Dans cette exposition, vous avez aussi collaboré avec Daniel Firman.
Daniel Firman fait aussi partie des rencontres de la fin du siècle dernier. C’est par lui que j’ai découvert Marlène Mocquet qui est en train de faire un tabac. Avec Daniel, nous ne nous ressemblons pas, mais nous partageons les thèmes de l’apparence, de l’identité, de la disparition, du vêtement, de l’équilibre... J’aime bien que l’art me fasse « chialer » et en même temps me donne un coup d’adrénaline. Un jour, il m’a fait le plaisir de me dire « j’aimerais que l’on travaille ensemble une pièce destinée à la citadelle de Carcassonne ». Il voulait que l’on parle de la manière dont le logo et la couleur des vêtements de la rue et du sport font écho à la fois à la Commedia dell’arte et à l’héraldique très présente à l’époque médiévale. Nous avons assemblé des vêtements qui pourraient aussi bien être sur un parvis d’église au Moyen Âge que dans une performance sportive.
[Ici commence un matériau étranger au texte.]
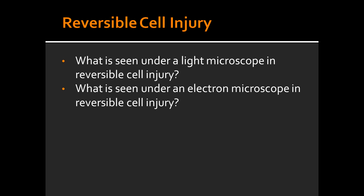What are some of the things seen under an electron microscope in reversible cell injury? Under an electron microscope, you see plasma membrane blebbing and mitochondrial swelling.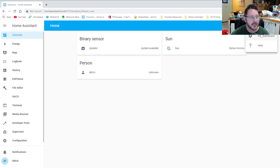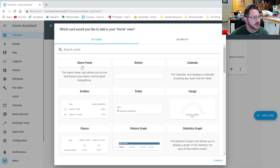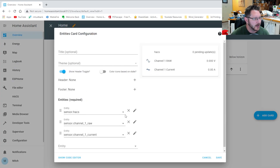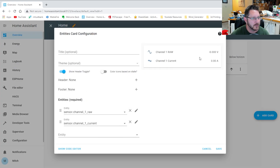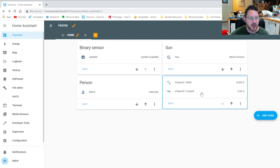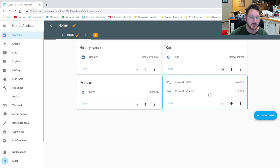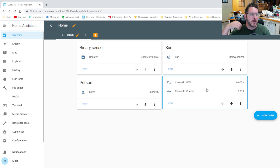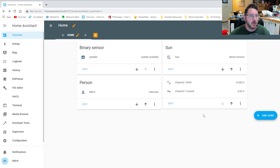Now if we go to our Overview, we edit the dashboard and add a card — let's throw an Entities card in there. It's already grabbed them: the raw and the current. We'll save that. This current is on a one-to-one basis, so you can multiply it by 20 to get real current. But I'm more concerned with the wattage and the kWh, so I want an accumulator and the wattage.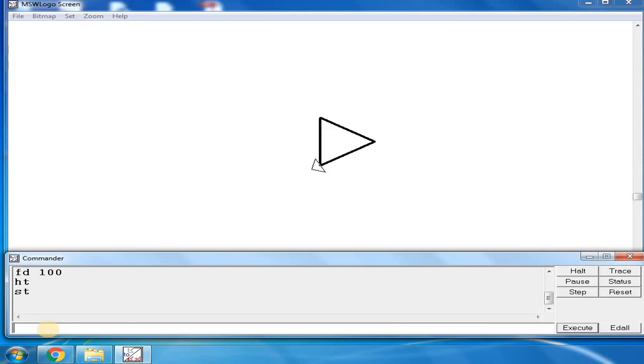This is the way you can draw a triangle in Logo. Thank you, children.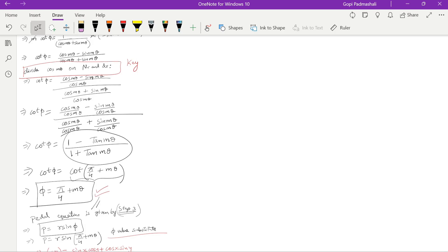So in this video, we learned the pedal equation with P = r sin φ. This is one of the most important questions from the model paper level, and it comes in both externals and internals. There are good chances it will appear, so make sure you know it. See you, have a good day!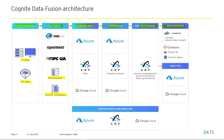Next is the staging area. Data in the staging area stays in its original format. Data flows from the extractors into the CDF ingestion API. From here on, everything lives in the cloud. The first stop is the staging area where tabular data is stored in its original format. It's also referred to as CDF Raw or Cognite Raw, stored on Azure or Google Cloud.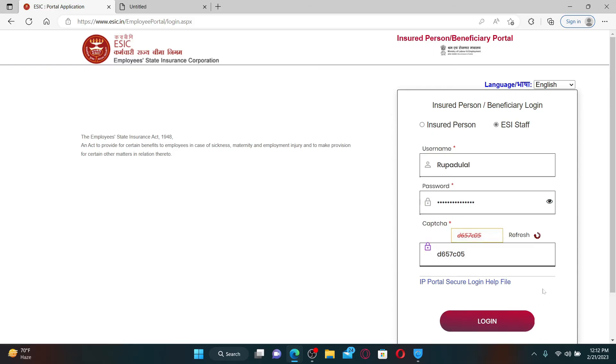Finally, click on the login button in order to access your ESIC employee account. That is how you can easily do it.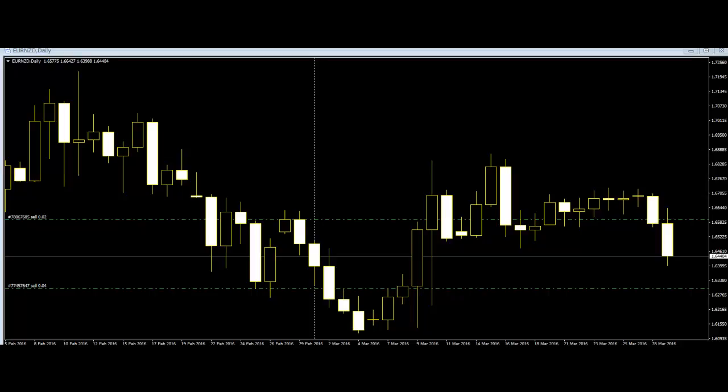For example, the trader may notice a downward trend of candlesticks followed by the formation of a hammer, which implies a change of direction. This is counted as the first section of the first leg.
Comment réagissez-vous à l’explosion de l’art contemporain et du design ?
Je suis plutôt pour aller voir ce qui se passe du côté des backstages [coulisses]. Au niveau du design, j’aime bien en ce moment les nouvelles écoles qui dépassent enfin les créations des années 1960-1970. J’ai vu naître le mot design. En 1960, mes grands-parents ne savaient pas comment le prononcer. Ce qui m’a beaucoup aidé, c’était, dans ma famille, des maisons où il y avait à la fois le meuble provençal et aussi le fauteuil italien aérodynamique. Mon travail est assez proche de cela. En ce moment, je fréquente beaucoup la galerie Tools, parce qu’elle montre des créateurs qui ne font pas ce que l’on trouve au BHV. Il ne faut jamais s’installer dans l’art confortable.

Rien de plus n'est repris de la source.